Tuesday, May 27, 2014

Methodology and analysis of letter distributions blog post

Link to prooffreader.com blog post: Graphing the distribution of English letters towards the beginning, middle or end of words

Here's the graphic (click to enlarge):

The code for this is in this Github repo, or you can view the IPython notebook at nbviewer.

1. Dataset

As I explained on prooffreader.com, I used the Brown corpus, which may not be everyone's first choice for some applications, but when you get down to the level of letter-by-letter analysis it seems fine. Here is a comparison of Brown and the same analysis done on the much larger and painstakingly curated the COHA corpus from Brigham Young University (for which I have an academic license):

They're pretty identical; the letter z shows the most difference, probably because its rarity and increased frequency of use in foreign words makes it more sensitive to differences between corpora (for example, as a quick check, COHA has many more words with the 'sz' bigram, but the few that are in Brown are at much greater relative frequency because of the smaller size of the corpus).

2. Quantization

Graphing discrete data is nothing new, but this is the first time I've tried to graph ordinal data (i.e. 1st, 2nd, ..., last) with such widely different scales (the most common word, "the", has three letters, literally a beginning, middle and end, and then there are some words with more than 10 letters). I approached it as sort of a variation on the Spearman correlation; it's not the actual numbers that matter, but the trends and comparisons among and between them.

Here's where binning is an effective and intuitive approach; to make words of different size comparable I just used a proportionate scale; here's an example for a four-letter word with five bins:
Letter f, bin 2 would have 25% of the word's frequency added to it, and letter o, bin 2, 75%. (We want to weight the analysis for word frequency, so "four" has a larger contribution than "fourscore", otherwise we're de facto weighting the analysis towards rare words).

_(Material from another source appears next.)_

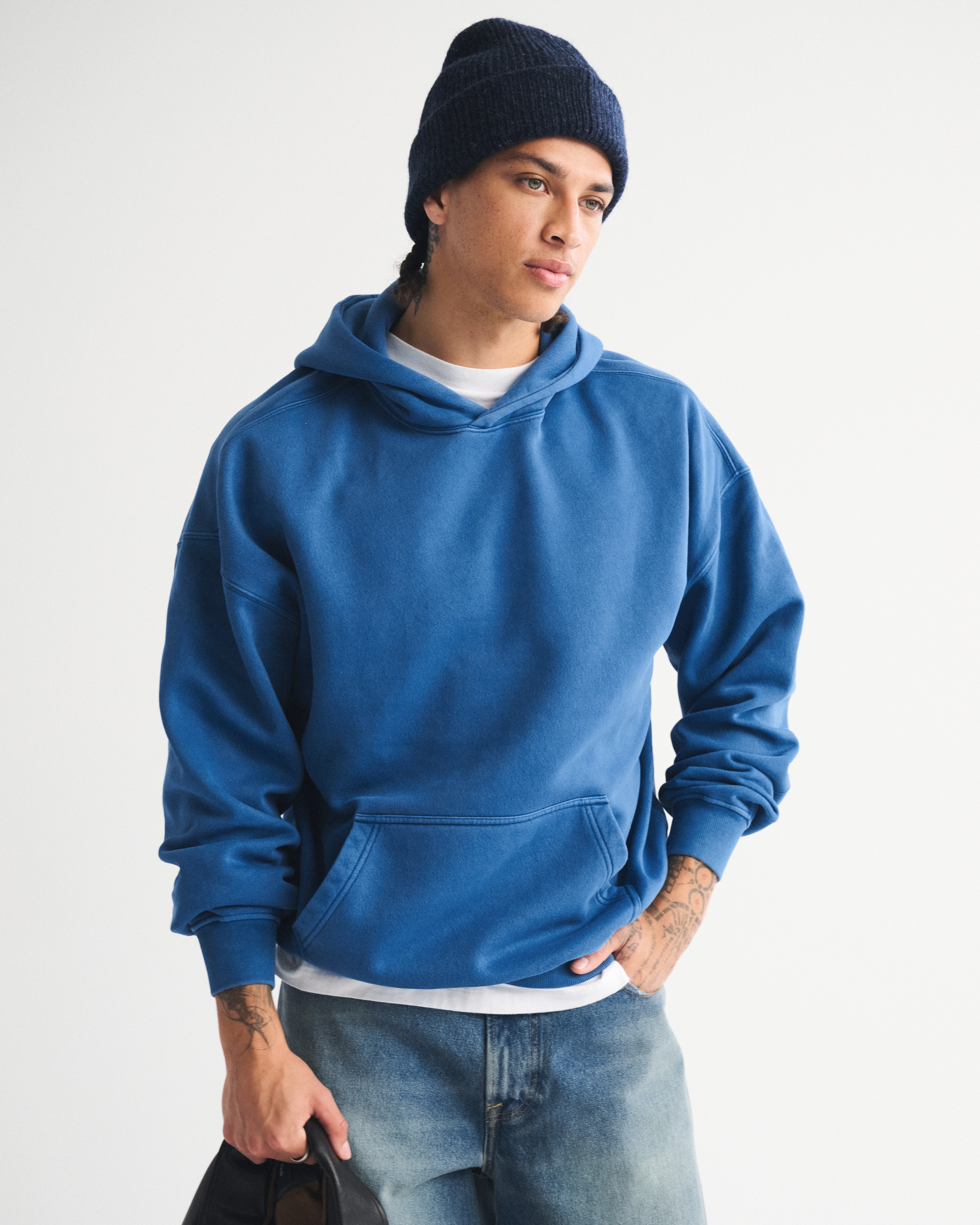 Abercrombie & Fitch Essential Popover Hoodie In Blue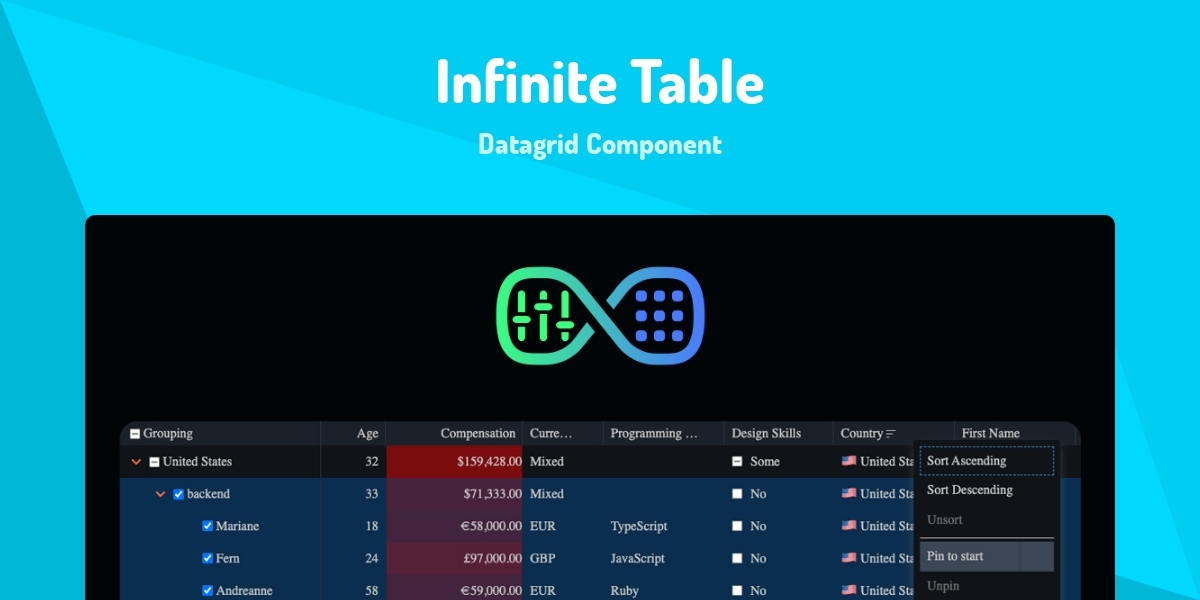 Infinite Table - Datagrid Component - Made with React.js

Two-letter words were split between two bins, but one-letter words were omitted entirely; they don't fit the beginning-end paradigm. Here is the effect the word "a" would have had:
The effect isn't dramatic, but it's misleading towards the right side of the graph. Should the letter "a" contribute to the distribution at both the beginning and the end of a word? I really don't think so. "Aa", though (which does appear in both corpora) would.

3. Number of bins

Since the exact center of a word is an important, logical and instinctual reference, it made sense to have an odd number of bins so that this point was straddled. With any histogram, too few bins means you smear out the data and hide its patterns, and too many bins means you're showing spurious noise instead of signal. My gut instinct was to have fewer bins, somewhere around the average word length (which was 4.45 letters), to reflect the somewhat fudged, semi-quantitative and ordinal nature of the data and not lead the viewer to think the data is more finely grained than it is.  So I started out with five bins, and it's a good thing I've learned to verify my gut instincts, because I think it works better with more; I ended up using 15 bins. Here's a comparison of them all:

You could certainly make a case for choosing fewer than 15, and the "optimal" number of bins depends on (a) the individual letter, and (b) what you consider optimal. I think 3 or 5 bins hides some interesting details like the fact that "x" is much more often the second letter of a word than the first; I chose 15 instead of 7 because it looks like many letters are trending towards the shape they have in 15, and noise only starts to disrupt signal there at letters like "n" (there's a spurious peak before the middle of "n" that first appears at 15 bins; it disappears if you leave the #2 word overall, "and," out of the analysis. But perhaps that's too early to be worrying about spurious peaks; there are more at 21 bins, e.g. the "f" in "before", the #89 word, and they're rampant at 51.)

4. Ordinal (y) axes

There's a fundamental problem with comparing histograms: if the y axes aren't identical, then the area the bars take up make wider distributions look more significant because the space under the histogram is greater. In this example, all of the data in one bar on the left is distributed in nine bars; the total amount of blue ink is the same, so the graphs are comparable (pretty much; the human brain has proportion-perception issues, which we'll get to later.) If you autoscale the nine bars, however, you seem to be communicating that there's more "stuff" in that graph than in the first, even though they're showing the same total quantity.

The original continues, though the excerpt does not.